Dundee university invents new antibiotics method

Picture: AP

Picture: AP

  • by FRANK URQUHART
 

RESEARCHERS at Dundee University have developed a new strategy for prescribing antibiotics which they claim could save the NHS millions of pounds a year, reduce patient harm and also help combat the rise in antibiotic resistance.

A groundbreaking study by experts at the university’s School of Medicine has shown that the introduction of a new prescribing protocol, involving the introduction of an automatic stop date for hospital patients, could lead to a 40 per cent reduction in antibiotic-related side-effects and reduction of almost 20 per cent in antibiotic use.

Dr Matthew Lloyd, the lead author of the study, said: “Reducing the use of antibiotics is a national priority. We are hoping that health boards, not just not in Britain but across Europe, take these findings on board. It is a method prescribing that is easily picked up and is something that can be done at the point of the prescription of the antibiotic and is not difficult to implement.”

And he stressed: “There is no effect on patient mortality. They are not more likely to die because they are getting less antibiotics and it doesn’t affect their length of stay in hospital.

“We would be reducing the use of antibiotics, reducing the side effects and the problems that come along with antibiotics use whilst they are an in-patient and having no effect on the death rates. That can only be a positive thing and we would like to see this protocol adopted as widely as possible.”

A Dundee university spokesman explained: “The research followed over 500 patients with lower respiratory tract infections during the course of one year. The new prescribing protocol included automatic stop dates, with time limits on prescriptions depending on the severity of an infection, coupled with support from pharmacists to ensure that antibiotics were issued with stop dates that were clearly visible for patients.

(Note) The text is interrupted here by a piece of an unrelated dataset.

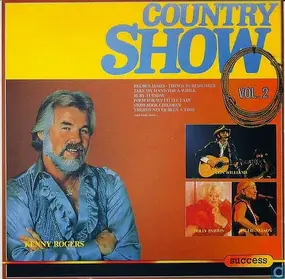 Kenny Rogers - Country Show Vol. 2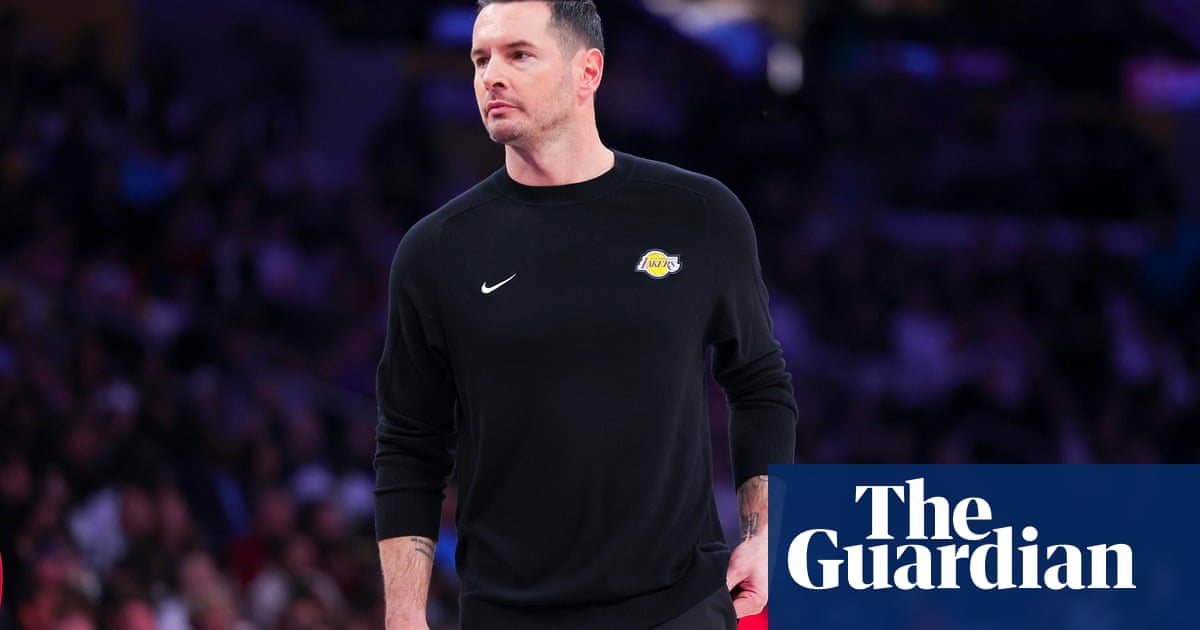 Lakers postpone Hornets game as coach JJ Redick loses home in LA wildfires Lakers postpone Hornets game as coach JJ Redick loses home in LA wildfires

“During the first half of the 12-month trial, researchers monitored patients’ current duration of antibiotic use. In the second half, patients receiving antibiotics followed the new prescribing strategy. During both phases of this study, researchers monitored antibiotic side-effects, including new symptoms occurring during the period of antibiotic exposure that were potentially caused by the antibiotics. They also monitored patients’ length of stay in hospital and death rates.”

Hospital setting

Dr Lloyd said the new protocol would be applicable in a hospital setting and not in GP surgeries where doctors already prescribe a certain course of limited treatment with antibiotics.

The prescription of antibiotics in hospitals, he said, tended to be “open ended.” Said Dr Lloyd: “Patients continue to receive medication until someone goes and reviews that prescription.But what we did is ensure that, at the point of prescribing, there is an automatic stop date for that course of treatment. It cannot be given unless it has a defined stop date.

“At the moment it is almost open ended. There is no protocol to ensure that each antibiotic has an automatic stop date. Some clinicians are perhaps using longer courses of antibiotics, driven by personal preference. But using this new method reduces the antibiotic use down to the absolute minimum required for that patient.”

He continued: “The threat from growing resistance to antibiotics is increasing, which is in part attributable to inappropriately lengthy courses of antibiotics. Our study aimed to implement a simple system for preventing patients taking antibiotics for longer than they should. The results were promising and found that through prescribing automatic stop dates and working with our multidisciplinary colleagues, we can help prevent this problem and reduce patient harm.”

The findings of the study will be presented at the annual congress of the European Respiratory Society in Barcelona tomorrow (Wednesday)

Professor Francesco Blasi, the society’s’ President, said: “It is crucial that we continue to look at new ways to combat antibiotic resistance. This is a key recommendation of the European Lung White Book, which has been published this week. By implementing strategies, such as this, we can work towards achieving these goals.”